*** Available data ***
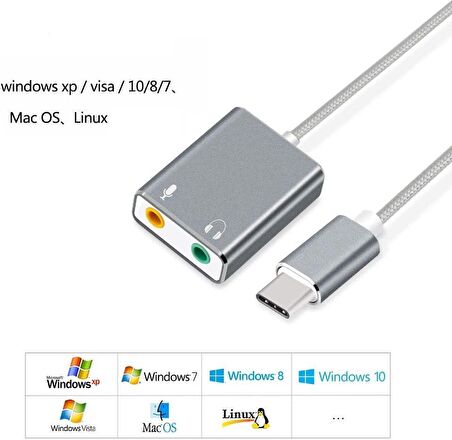 Type-C to 3.5mm Aux ve Mikrofon Uyumlu Dönüştürücü Adaptör Sound Aparat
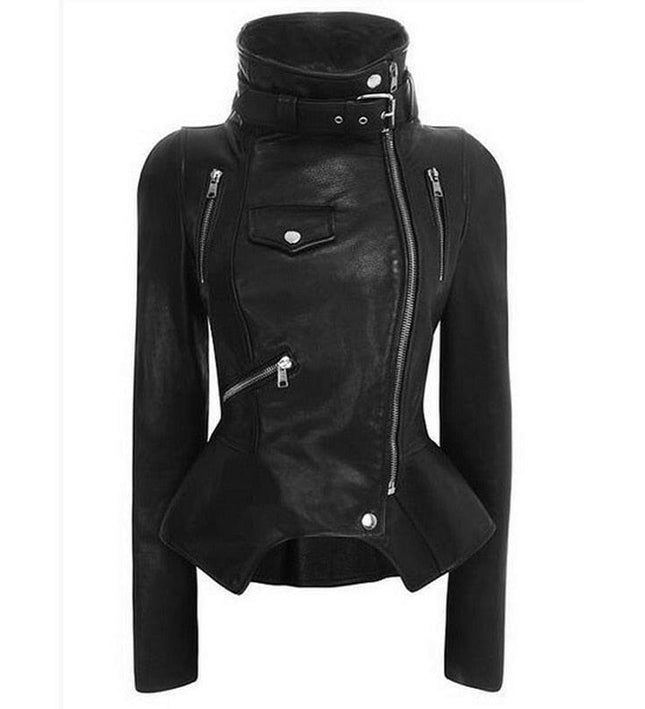 Gothic Street Style: Women's Faux Leather Motorcycle Jacket - Trendy & Chic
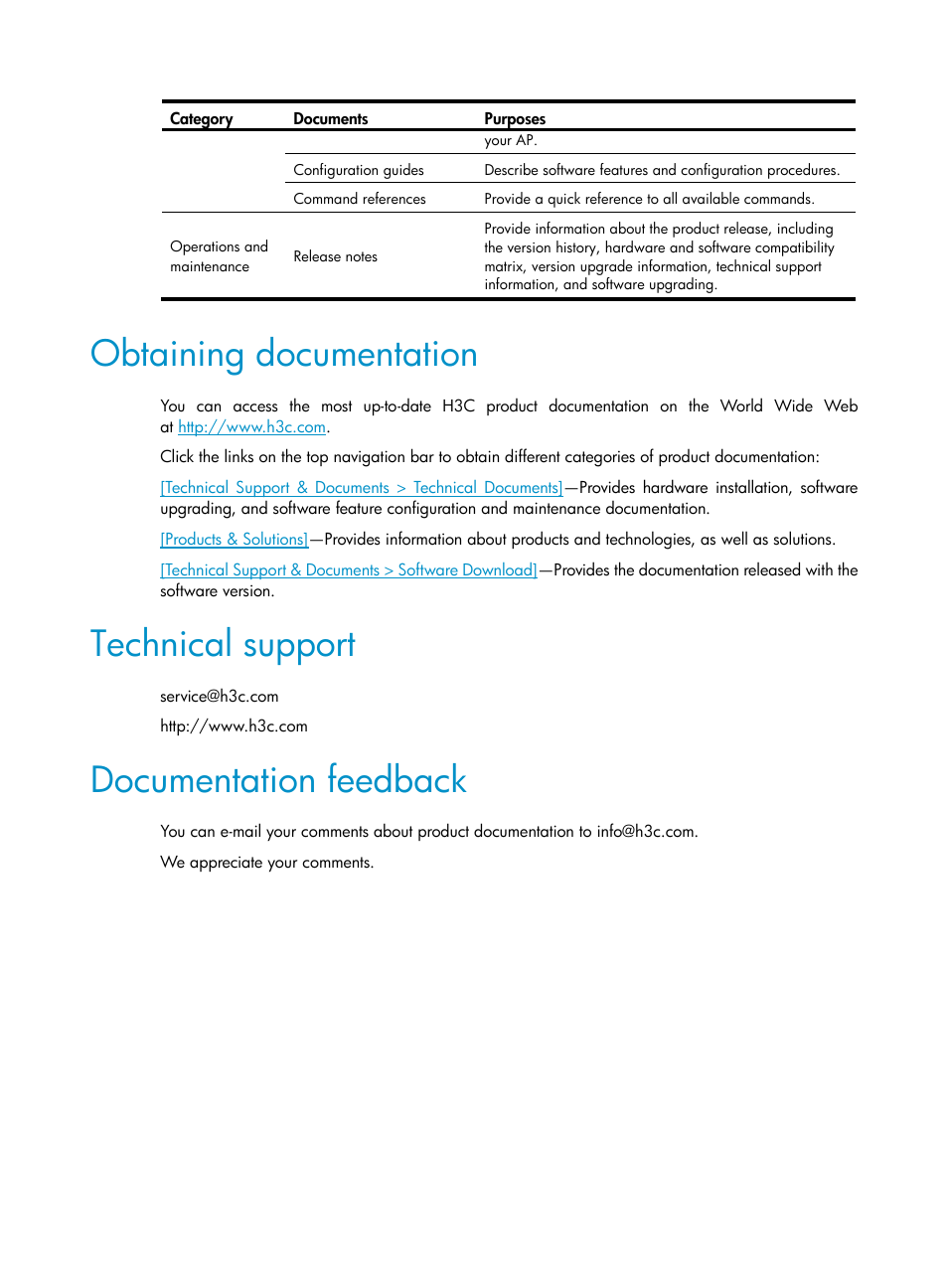 Obtaining documentation, Technical support, Documentation feedback | H3C Technologies H3C WA3600 Series Access Points User Manual | Page 5 / 447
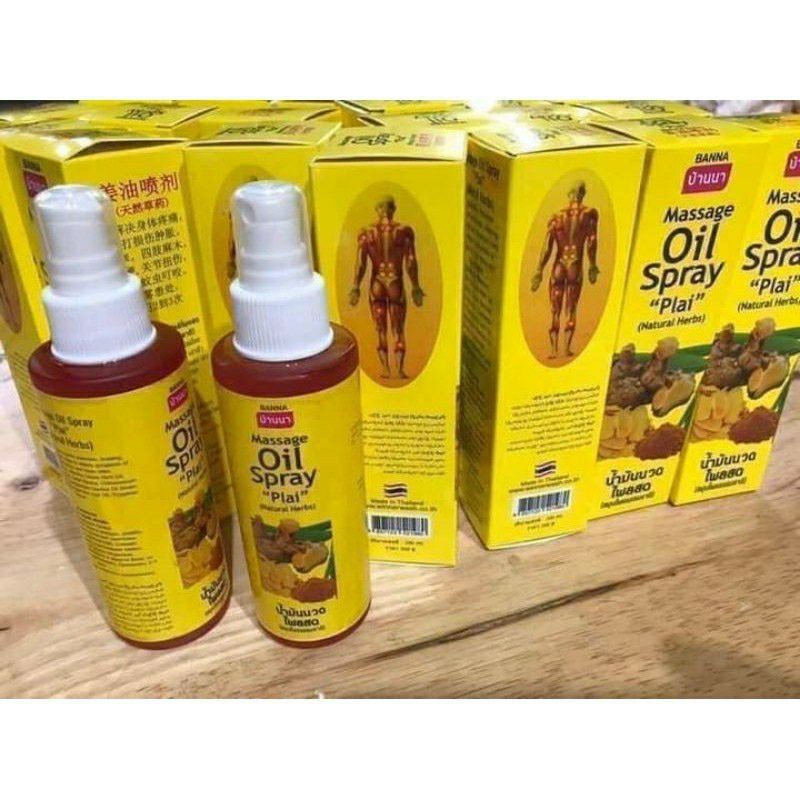 🍌 DẦU MASSAGE TINH DẦU GỪNG BANNA OIL SPRAY NATURAL HERBS THÁI LAN 🍌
***
Task objective → Set out the material once more, exact in every line, with no images.

Response →
 Type-C to 3.5mm Aux ve Mikrofon Uyumlu Dönüştürücü Adaptör Sound Aparat
 Gothic Street Style: Women's Faux Leather Motorcycle Jacket - Trendy & Chic
 Obtaining documentation, Technical support, Documentation feedback | H3C Technologies H3C WA3600 Series Access Points User Manual | Page 5 / 447
 🍌 DẦU MASSAGE TINH DẦU GỪNG BANNA OIL SPRAY NATURAL HERBS THÁI LAN 🍌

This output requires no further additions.